When the ‘Other’ Talks Back

Ethnographic fieldwork is a difficult task especially if the ethnographer has not anticipated certain obstacles that might occur during the field research. Rejection from the research subjects can be avoided by any experienced and trained ethnographer, but it is more difficult to handle when our research subject ‘talks back’ to us after the actual study has been done. Moreover, this feedback is not always good. It can be a cruel, critical, misinterpretation, or even an offensive statement from those who were our valuable informants. These conditions were discussed within the articles from Vine Deloria Jr. (1973), Cecil King (1997), Ofra Greenberg (1993), and Nancy Scheper-Hughes (2000).

Deloria (1973) wrote the article as a critique of the ethnographers and called them outsider intruders or even vultures. According to his argument, ethnographers are seen as a curse for Native American communities where they have been treated as objects by these researchers. The ethnographers thought that they were the most knowledgeable about how the Indians should behave and practice their culture. Only interested in studying Indian communities on reservations, ethnographers tended to neglect the negative side effect of their presence within the Indian reservations and often made the situation worse. For example, when some researchers tried to study how Indian communities adapted to modern life, rather than support them to survive, ethnographers criticized the way they lived and said it was not how the Indian culture should be.

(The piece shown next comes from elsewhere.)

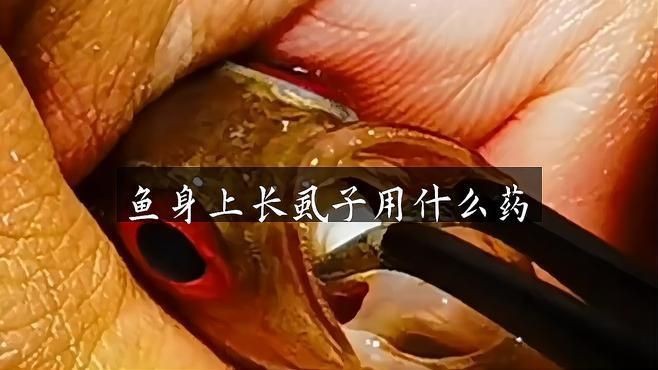 哪種方法治療魚虱最有效？【治療魚虱感染的最有效方法】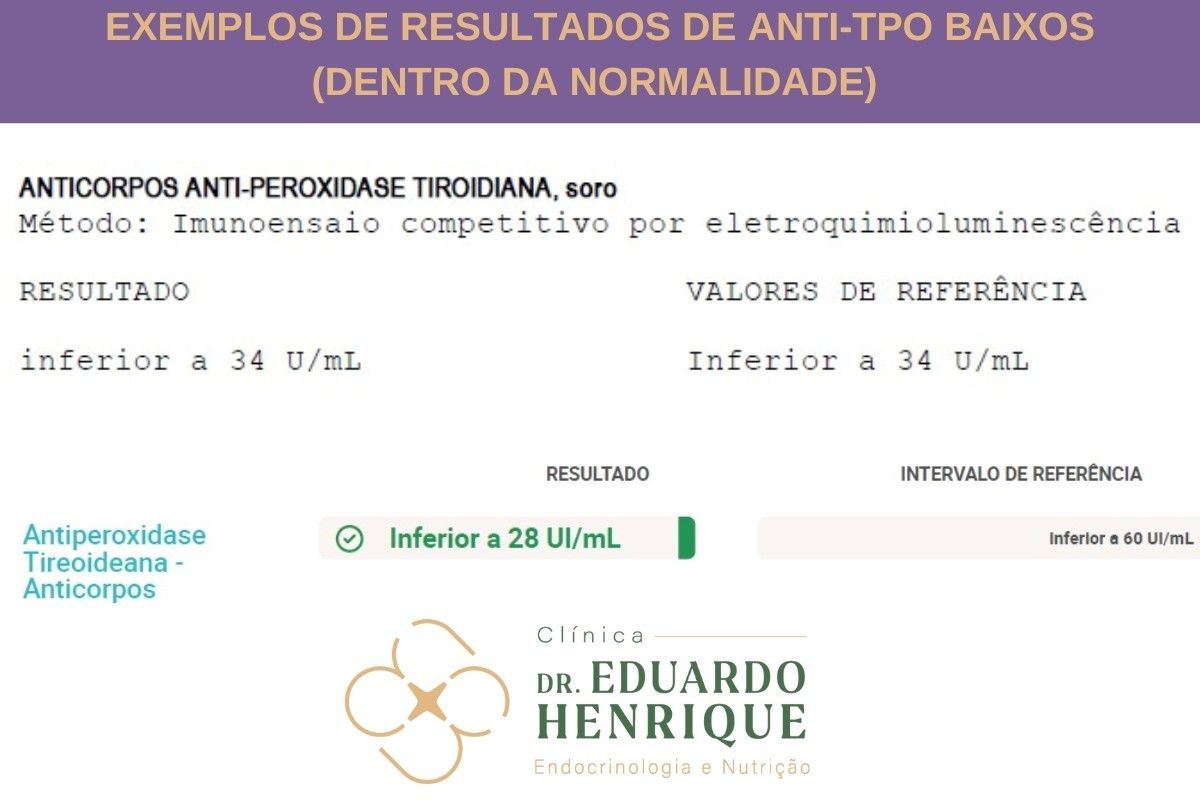resultados-anti-TPO-baixo-dr-eduardo-henrique-endocrinologista-sao-paulo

After the research was completed, these ethnographers wrote books, published their articles, and achieved their academic careers, while the Indians were still struggling with poverty and also losing their identity as Indians.

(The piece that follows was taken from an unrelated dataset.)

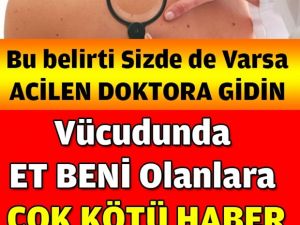 Vücudunda ET BENİ olanlara Çok K-ötü Haber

Similar to Deloria, King (1997) also decried the presence of ethnographers in Indian communities and named them as peeping toms and rank opportunists. King mentioned that many Native Americans felt unhappy with ethnographers since Indians considered they have been cheated, by revealing their sacred things to the public through books and articles by many ethnographers. Additionally, ethnographers tended to describe Indian cultures through ethnographers’ own language where curtailed Indian vocabulary. Since researchers treated Native Americans as objects, King argued that now its time to let the natives have their own self-determination.

Greenberg (1993) wrote a reply when the local media in Israel published an article fully misinterpretations about her book A Development Town Visited. Consequently, the people of Kiryat Shmona, a community where Greenberg conducted the fieldwork, provoked by the newspaper article and turned to anger since it was written that her book depicts the community negatively. Greenberg tried to explain the situation and encouraged the community to read her book to have a better understanding of what she had written rather than rely solely on the sensationalism made by the newspaper. Some people who had read the book believed that Greenberg had no negative intention while most of the less educated community members did not read the book and remained prejudiced against her.

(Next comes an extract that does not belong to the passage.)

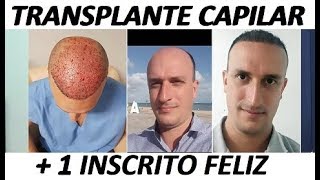 Transplante CAPILAR 5 meses ANTES e DEPOIS  Implante capilar resolve Vale a pena fazer [upl. by Girand]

Meanwhile, Scheper-Hughes (2000) faced a long lasting hatred from the community of ‘Ballybran’ in Dingle Peninsula, Ireland. She considered that this hatred came from what she wrote about the community where she concluded that the pathology of mental illness was deeply rooted within the society. She claimed that she was trying to remain honest when she studied the community while the people felt what she did was uncover negative sides of the society and ignored the positive parts.

While ethnographers should reveal their true intentions while conducting their study, there is no guarantee that the research findings will be fully accepted by the society studied. Moreover, it is the public rights to talk back to the ethnographers. A good critique can be a valuable correction for the study, while an offensive one can also be seen as a valuable tool for learning for future research. However, one question remains, what kind of responsibility remains on the ethnographers once the study has been published? Do we have to fully be responsible to the feedback of our readers while its meaning can be interpreted in various ways by its audience? Or maybe we just have to embrace what Roland Barthes has said, the author died once the writing has been written.